Corporal Clegg said:


> Edit, TorqHost, Estonia has decent peering with bahnhof (and Scandinavia in general)


Indeed, they backhaul a lot of their bandwidth through Sweden these days so the latency is fairly unnoticeable.

Have a look at Glesys and CityCloud, they have fairly good reputations.


----------



## Corporal Clegg (May 18, 2013)

ElliotJ said:


> Have a look at Glesys and CityCloud, they have fairly good reputations.


Yes, but I see no reason why not to use TorqHost for "Scandinavian services" tbh.

OT care to elaborate?


----------



## blergh (May 18, 2013)

ElliotJ said:


> Indeed, they backhaul a lot of their bandwidth through Sweden these days so the latency is fairly unnoticeable.
> 
> Have a look at Glesys and CityCloud, they have fairly good reputations.


I have contacted GleSYS, their response was "What was it that you intended to run again?" - They used to be good but in the last years has become a support-nightmare. I used to rent a box from the a few years back, just two providers offering them transit.
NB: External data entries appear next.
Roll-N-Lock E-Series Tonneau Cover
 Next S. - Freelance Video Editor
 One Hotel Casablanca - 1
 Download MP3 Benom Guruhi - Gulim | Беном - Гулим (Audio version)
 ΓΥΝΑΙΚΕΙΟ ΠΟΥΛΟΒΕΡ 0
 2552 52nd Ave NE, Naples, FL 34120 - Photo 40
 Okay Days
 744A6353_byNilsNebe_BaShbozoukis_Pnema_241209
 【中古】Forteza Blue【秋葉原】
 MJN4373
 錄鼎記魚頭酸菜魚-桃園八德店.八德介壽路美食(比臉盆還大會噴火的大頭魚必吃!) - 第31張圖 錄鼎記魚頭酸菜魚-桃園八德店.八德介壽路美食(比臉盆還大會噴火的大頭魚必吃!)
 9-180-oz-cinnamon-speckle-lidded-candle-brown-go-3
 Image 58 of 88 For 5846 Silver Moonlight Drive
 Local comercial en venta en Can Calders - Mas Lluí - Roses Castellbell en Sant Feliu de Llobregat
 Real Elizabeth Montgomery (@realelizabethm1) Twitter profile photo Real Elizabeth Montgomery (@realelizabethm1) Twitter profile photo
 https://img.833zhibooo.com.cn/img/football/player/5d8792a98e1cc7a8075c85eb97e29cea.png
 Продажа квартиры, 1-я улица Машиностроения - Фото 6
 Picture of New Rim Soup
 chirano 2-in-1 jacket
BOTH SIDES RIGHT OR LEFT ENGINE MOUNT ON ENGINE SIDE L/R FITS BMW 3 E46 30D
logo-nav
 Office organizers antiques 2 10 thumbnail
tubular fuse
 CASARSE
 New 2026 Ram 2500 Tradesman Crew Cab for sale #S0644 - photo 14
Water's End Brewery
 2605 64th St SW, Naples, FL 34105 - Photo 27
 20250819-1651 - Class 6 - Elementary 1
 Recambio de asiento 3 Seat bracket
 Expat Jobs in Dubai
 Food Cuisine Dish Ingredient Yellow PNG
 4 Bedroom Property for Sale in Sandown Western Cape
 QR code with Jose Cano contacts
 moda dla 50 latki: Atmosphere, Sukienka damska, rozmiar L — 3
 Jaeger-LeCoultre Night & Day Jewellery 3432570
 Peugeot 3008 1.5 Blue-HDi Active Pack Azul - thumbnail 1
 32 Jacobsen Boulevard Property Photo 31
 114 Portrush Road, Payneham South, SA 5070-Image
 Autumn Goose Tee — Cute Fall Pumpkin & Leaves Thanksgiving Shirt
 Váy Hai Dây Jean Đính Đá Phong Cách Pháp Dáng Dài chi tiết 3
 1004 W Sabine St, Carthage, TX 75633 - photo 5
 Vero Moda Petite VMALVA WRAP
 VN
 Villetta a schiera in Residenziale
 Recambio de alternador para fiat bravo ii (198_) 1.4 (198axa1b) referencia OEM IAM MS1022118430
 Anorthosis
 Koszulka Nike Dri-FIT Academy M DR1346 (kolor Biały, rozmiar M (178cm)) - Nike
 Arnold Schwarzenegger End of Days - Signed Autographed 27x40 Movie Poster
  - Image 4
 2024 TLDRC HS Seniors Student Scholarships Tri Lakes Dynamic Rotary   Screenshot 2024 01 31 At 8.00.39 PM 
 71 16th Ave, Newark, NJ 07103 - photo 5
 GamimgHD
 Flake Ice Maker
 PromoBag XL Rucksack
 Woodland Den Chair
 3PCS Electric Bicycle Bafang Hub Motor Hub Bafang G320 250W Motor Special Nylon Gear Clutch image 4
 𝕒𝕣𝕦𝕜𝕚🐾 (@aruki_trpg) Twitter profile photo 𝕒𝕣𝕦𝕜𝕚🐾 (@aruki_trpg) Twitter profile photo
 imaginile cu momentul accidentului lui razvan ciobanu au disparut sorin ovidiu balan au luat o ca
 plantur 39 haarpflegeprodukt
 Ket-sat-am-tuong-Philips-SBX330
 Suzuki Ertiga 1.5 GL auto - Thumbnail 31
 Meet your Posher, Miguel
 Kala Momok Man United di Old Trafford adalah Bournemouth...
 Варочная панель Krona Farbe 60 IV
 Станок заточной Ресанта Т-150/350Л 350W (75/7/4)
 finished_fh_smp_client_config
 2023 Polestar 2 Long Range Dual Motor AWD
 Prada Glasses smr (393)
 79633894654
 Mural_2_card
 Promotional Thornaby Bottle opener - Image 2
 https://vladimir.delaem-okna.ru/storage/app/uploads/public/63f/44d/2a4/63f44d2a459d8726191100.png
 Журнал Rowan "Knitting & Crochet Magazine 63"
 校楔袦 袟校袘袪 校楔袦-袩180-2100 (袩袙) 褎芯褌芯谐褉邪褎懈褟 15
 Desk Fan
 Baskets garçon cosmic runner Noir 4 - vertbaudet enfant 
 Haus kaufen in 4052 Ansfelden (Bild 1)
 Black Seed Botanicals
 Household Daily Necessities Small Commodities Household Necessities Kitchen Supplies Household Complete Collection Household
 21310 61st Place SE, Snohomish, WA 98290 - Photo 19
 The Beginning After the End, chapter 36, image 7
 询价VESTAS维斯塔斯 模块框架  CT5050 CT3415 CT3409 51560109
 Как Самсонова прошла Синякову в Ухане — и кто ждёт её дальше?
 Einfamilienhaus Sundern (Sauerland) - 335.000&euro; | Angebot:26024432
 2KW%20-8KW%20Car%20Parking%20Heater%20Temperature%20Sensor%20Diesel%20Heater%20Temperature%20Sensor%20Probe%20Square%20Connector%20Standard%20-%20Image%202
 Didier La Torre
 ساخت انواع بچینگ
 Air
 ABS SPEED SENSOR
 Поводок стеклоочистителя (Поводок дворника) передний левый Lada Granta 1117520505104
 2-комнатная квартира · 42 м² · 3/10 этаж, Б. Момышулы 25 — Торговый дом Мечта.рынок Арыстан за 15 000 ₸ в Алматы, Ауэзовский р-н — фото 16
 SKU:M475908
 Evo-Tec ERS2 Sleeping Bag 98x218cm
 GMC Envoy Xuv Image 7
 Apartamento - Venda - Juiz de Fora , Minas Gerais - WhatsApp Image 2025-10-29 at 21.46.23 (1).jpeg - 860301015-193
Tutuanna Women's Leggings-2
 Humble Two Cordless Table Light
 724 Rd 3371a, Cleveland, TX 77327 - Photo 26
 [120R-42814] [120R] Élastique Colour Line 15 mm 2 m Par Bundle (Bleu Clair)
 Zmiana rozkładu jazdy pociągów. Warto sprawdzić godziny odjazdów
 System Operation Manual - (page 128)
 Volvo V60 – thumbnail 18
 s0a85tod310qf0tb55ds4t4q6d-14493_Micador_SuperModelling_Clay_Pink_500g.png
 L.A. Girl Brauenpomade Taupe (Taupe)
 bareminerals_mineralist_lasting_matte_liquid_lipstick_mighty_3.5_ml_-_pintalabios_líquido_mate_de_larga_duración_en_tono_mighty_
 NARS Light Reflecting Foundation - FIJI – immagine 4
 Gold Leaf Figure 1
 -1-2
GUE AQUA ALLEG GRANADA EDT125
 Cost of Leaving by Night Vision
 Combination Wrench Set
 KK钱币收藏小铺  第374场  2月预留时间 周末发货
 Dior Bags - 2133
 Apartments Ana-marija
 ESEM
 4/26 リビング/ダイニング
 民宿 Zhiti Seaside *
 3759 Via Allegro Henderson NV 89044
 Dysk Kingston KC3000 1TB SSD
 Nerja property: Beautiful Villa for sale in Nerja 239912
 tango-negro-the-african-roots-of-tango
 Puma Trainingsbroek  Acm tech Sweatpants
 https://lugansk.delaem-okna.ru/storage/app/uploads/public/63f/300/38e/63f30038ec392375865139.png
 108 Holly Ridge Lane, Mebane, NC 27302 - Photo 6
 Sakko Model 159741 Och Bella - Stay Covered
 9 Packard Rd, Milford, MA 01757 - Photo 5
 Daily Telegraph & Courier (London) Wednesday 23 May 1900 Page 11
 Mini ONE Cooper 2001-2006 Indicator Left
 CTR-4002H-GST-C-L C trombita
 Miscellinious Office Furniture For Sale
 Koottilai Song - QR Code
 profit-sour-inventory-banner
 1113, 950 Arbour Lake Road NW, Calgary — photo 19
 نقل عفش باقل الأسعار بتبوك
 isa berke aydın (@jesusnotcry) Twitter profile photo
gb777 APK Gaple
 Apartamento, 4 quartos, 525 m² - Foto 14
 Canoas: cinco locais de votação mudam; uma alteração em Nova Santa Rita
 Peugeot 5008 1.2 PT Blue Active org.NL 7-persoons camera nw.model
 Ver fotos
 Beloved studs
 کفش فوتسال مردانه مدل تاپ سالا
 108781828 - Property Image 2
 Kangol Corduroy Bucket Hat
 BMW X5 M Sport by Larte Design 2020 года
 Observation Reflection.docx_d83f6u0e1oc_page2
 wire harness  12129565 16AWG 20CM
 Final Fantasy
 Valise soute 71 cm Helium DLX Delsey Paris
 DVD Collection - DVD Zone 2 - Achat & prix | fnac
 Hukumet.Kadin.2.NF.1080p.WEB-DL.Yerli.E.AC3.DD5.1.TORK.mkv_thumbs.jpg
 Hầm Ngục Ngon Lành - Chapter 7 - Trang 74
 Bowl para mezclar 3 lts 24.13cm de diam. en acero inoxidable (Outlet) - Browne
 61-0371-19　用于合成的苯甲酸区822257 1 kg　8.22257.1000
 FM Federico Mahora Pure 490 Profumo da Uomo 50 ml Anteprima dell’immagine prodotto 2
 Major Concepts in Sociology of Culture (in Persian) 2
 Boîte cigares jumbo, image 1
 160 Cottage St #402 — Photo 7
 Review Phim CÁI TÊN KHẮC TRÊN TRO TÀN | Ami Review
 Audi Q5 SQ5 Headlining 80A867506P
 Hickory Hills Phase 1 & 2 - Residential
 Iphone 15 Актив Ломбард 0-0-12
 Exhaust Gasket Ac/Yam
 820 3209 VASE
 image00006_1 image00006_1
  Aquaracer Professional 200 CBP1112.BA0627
CityCloud could work, but they do not state what technology they use for their backend, ever. Sent them a mail anyhow, so far unanswered since Thursday.



Corporal Clegg said:


> Yes, but I see no reason why not to use TorqHost for "Scandinavian services" tbh.
> 
> OT care to elaborate?


Usually it goes via Finland, and then over Sweden. Telia is quiet big in Estonia i suppose.


----------